__What the task asks__: Find each line of the entries with the string "view", please, and copy it.

__Stored items from a collection__:
===
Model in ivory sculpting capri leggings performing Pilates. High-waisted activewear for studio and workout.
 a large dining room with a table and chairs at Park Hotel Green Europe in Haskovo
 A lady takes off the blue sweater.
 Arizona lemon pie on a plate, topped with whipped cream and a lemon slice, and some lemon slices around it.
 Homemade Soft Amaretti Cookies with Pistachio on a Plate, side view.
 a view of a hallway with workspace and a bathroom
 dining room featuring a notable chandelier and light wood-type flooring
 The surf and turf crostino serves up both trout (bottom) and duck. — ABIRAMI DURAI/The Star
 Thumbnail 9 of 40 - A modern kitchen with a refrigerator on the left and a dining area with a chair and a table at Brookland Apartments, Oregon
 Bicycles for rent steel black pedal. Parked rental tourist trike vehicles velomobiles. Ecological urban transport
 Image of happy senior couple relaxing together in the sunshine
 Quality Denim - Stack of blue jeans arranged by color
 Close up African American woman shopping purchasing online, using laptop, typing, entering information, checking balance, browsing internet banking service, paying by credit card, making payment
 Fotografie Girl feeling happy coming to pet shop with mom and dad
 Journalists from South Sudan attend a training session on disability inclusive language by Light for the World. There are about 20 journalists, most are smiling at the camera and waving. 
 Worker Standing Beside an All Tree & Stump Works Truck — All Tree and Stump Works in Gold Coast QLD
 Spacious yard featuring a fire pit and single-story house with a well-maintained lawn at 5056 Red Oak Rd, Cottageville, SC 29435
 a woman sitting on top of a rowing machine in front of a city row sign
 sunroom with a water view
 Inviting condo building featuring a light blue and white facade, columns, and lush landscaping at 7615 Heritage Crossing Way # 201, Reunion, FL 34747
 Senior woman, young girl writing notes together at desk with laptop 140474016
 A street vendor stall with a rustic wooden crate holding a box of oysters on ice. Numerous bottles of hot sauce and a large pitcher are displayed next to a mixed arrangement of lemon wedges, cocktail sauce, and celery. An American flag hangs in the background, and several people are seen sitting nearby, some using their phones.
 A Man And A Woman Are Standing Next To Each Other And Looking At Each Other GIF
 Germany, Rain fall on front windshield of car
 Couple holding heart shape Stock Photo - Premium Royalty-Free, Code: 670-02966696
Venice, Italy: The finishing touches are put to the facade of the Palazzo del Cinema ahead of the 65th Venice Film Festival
===
__Answer to this exercise__:
 Homemade Soft Amaretti Cookies with Pistachio on a Plate, side view.
 a view of a hallway with workspace and a bathroom
 sunroom with a water view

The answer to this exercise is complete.